314話 ???~出店!もち麦普及活動

 ……ええっと、

 呪人族さんの町に来ていますが、往来で崇められてしまっています。

 何故に?

「いや、普通に神気だしているからだろうが」

「えっ?マイヤから?」

「友紀から。神域の…箱庭のものを食べ続け、しかもずっと神域に居たわけだから体から抜け出ることはない。更に言えば友紀、お前神だよな?神気を人以上に溜め込むことが出来るからな?」

「あ」

「…忘れていたのか」

 忘れてましたねぇ…まあ、そのまま放置で。

 僕が目を逸らしたのを見て小さくため息を吐き「さて、どうするか」と呟く。

「お前が神だという事は間違っていないからなぁ…」

 その台詞に「おおっ!」と前に居た人達が声を上げる。

「あ、でも僕は別の世界の神なので…今回来たのはこちらの神様より許可をいただいて食生活の調査に来ただけです」

「食生活?」

 皆が首をかしげた。

 まあ、うん多分そうだと思った。

 恐らく食べることは作業で楽しみや喜びなんて考えがないんだろう。

「えっと、屋台のような物を出したら何か問題ありますか?」

 その問いに呪人族の方々は首をかしげ、

「そもそも屋台とはなんでしょうか」

「出店…と言うのは分かりますか?」

「出店…お店を外に出すという事でしょうか」

「そうです。ただ、お金など対価は取りません。この近辺で取れる物で作った物を食べていただいてどのような違いがあるのかを確認したいのです」

 再び呪人族の方々が話し合う。

「金銭や物品交換でないのであれば問題無いです。それに法は我々人を律するモノであって神様には適応されませんので」

 女性が代表してそう言うと全員が頷いた。

「良かった。では邪魔にならないように端の方で作らせて貰いますね」

 僕はとおりの橋に移動して空間操作で仮想キッチンを作る。

 ───相変わらず皆さんこちらをジッと見ている。

 もち麦を脱穀して高速浸水させたあと圧力炊きの時間を使ってレクムシュケの葉を切り、液を取る。

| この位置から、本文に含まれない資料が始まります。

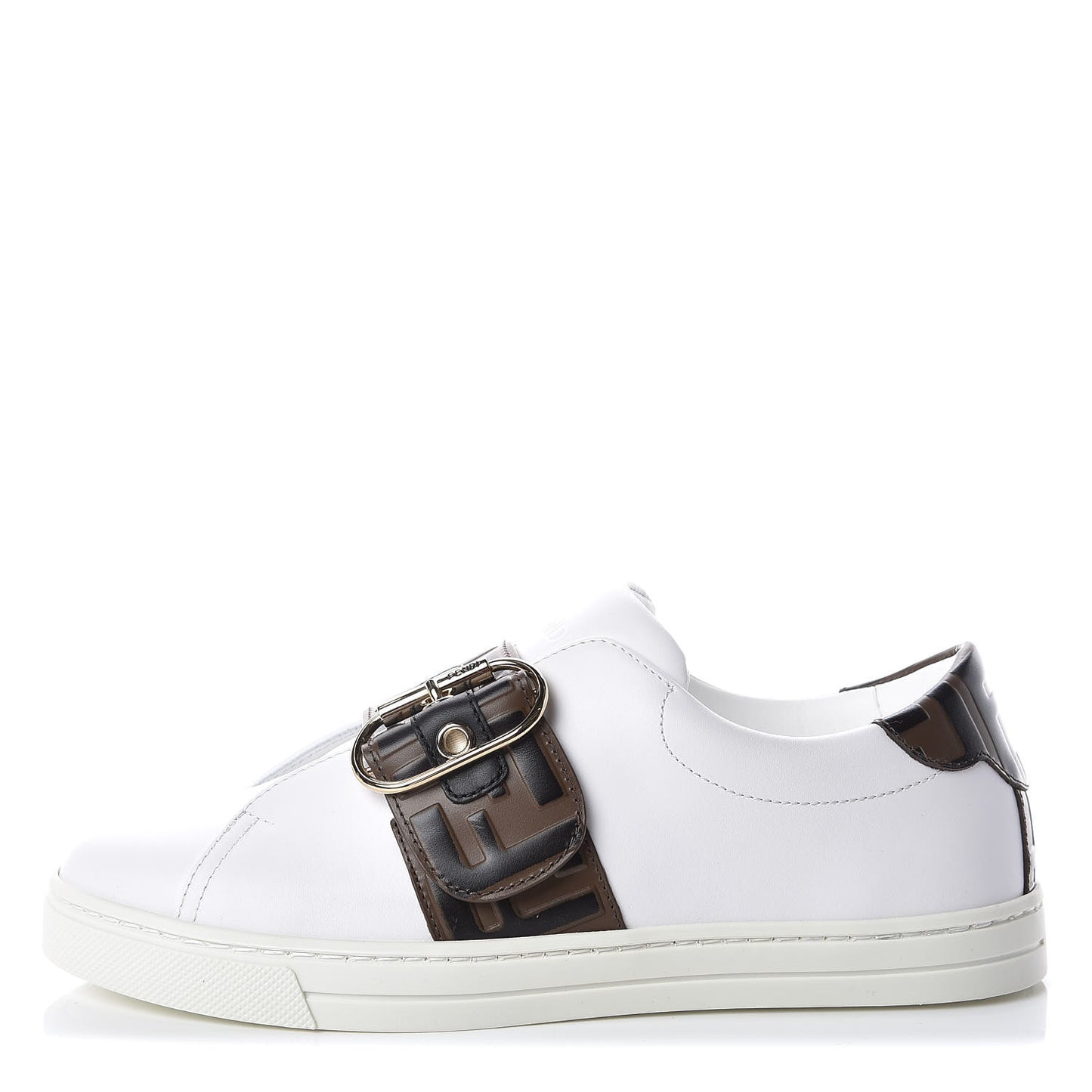 Vitello FF Embossed Womens Slip On Sneakers 36.5 Ultra White Maya Black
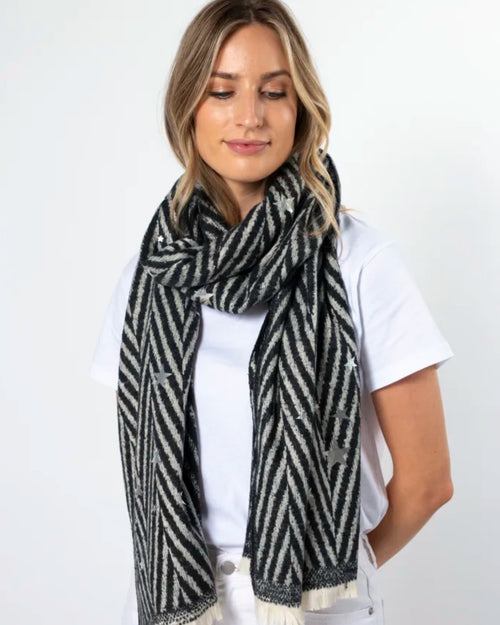 Stella and Gemma Scarf Diagonal Black Stripe Silver Stars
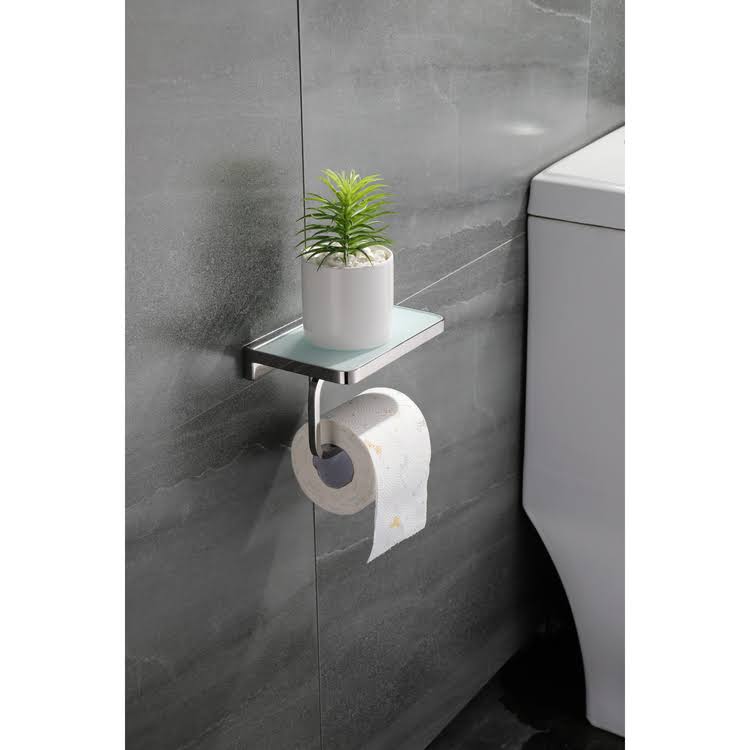 Gun Metal Stainless Steel White Glass Shelf with Toilet Paper Holder J3715
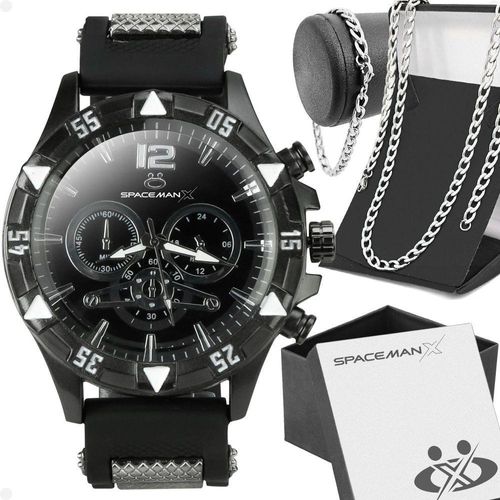 Relogio Masculino Preto + Cordão Prata Grumet + Pulseira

 その際に周りから「えええっ?」と動揺の声が上がったけど無視して液を抽出してそれを軽く温める。

 序でに皮を剥がして果肉を取り熱しながら乾燥させる。

 もち麦ご飯が出来たので半分は団子を作る。

「マイヤお願い」

『わかった!』

 マイヤが現れると周りの人達が膝をついて祈りを捧げ始めた。

 マイヤがペッタンペッタンぐりぐりと叩いてすり潰す。

 そして餅が出来上がった所でレクムシュケの液を軽く掛けて出来上がり。

「一つはマイヤが食べて良いよ」

『ありがとう!』

 満面の笑みで1個食べて喜ぶ。

「え?食べられる…のか?」

 まあ、未知のモノは恐ろしいよねぇ…

 そんな事を思いながら残しておいた麦飯を少し取って俵状にし、少し平たくする。

 その上にレクムシュケの果肉を少し塗って火であぶる。

「はい。二品目」

「えっと、一つ、いただいても?」

 先程教えてくれた女性がおっかなびっくり聞いて来た。

「どうぞそちらの丸いモノはちょっと独特な食感なので気を付けてください」

 そう言うとまずはもち麦みたらし団子を一つ、口に入れた。

「!………?………!?」

 三段階の反応ありがとうございます。